Aim of the exercise:
Reproduce exactly, from the data that follows, the line with "Inter vence jogo", the line with "Libro 'Limpia' de", and every line that lies between them.

Top of Source data

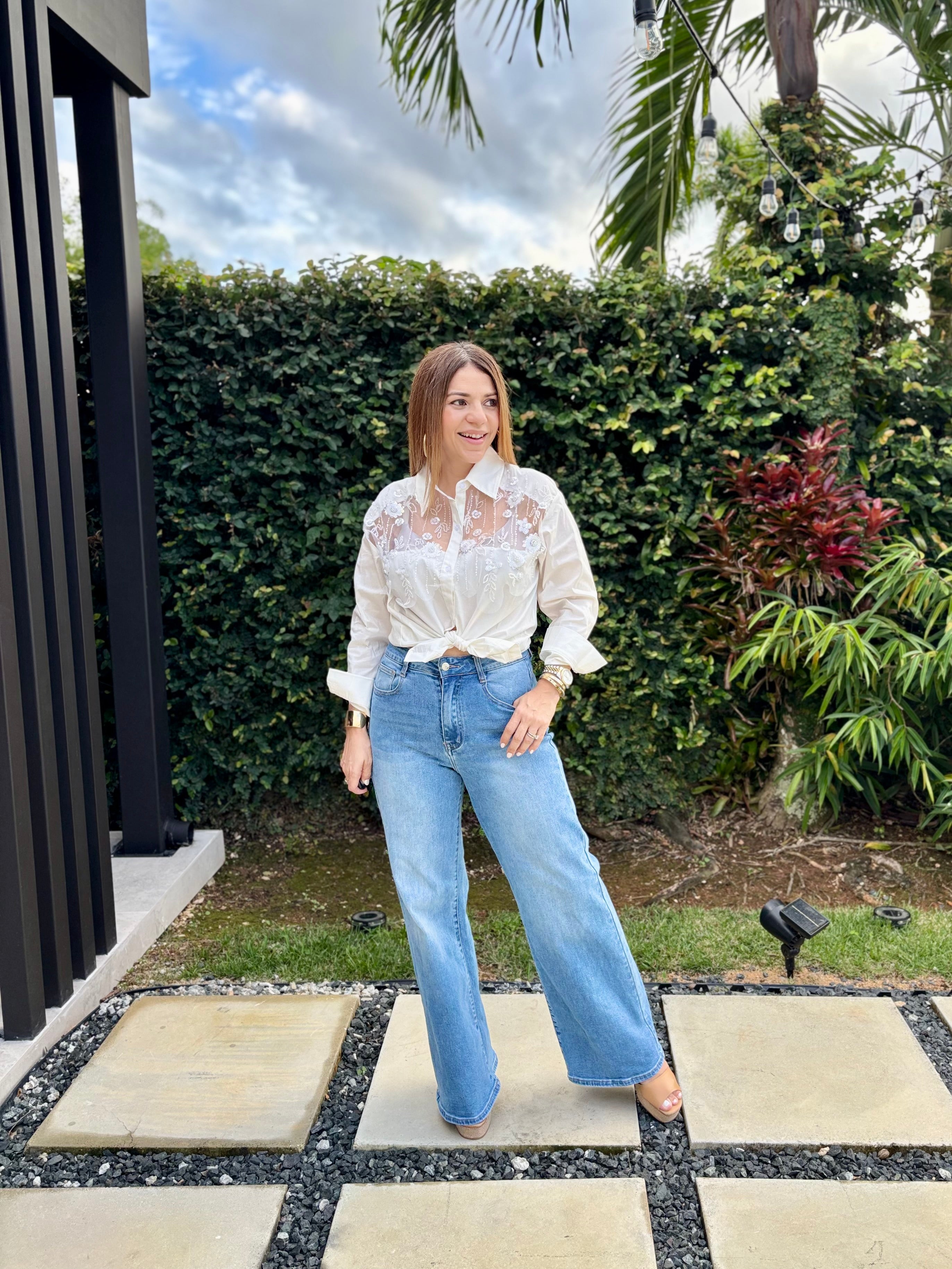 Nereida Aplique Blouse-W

Bottom of Source data
Top of Source data

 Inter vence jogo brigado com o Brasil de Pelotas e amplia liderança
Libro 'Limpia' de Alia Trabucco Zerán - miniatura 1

Bottom of Source data

Task output:
 Inter vence jogo brigado com o Brasil de Pelotas e amplia liderança
Libro 'Limpia' de Alia Trabucco Zerán - miniatura 1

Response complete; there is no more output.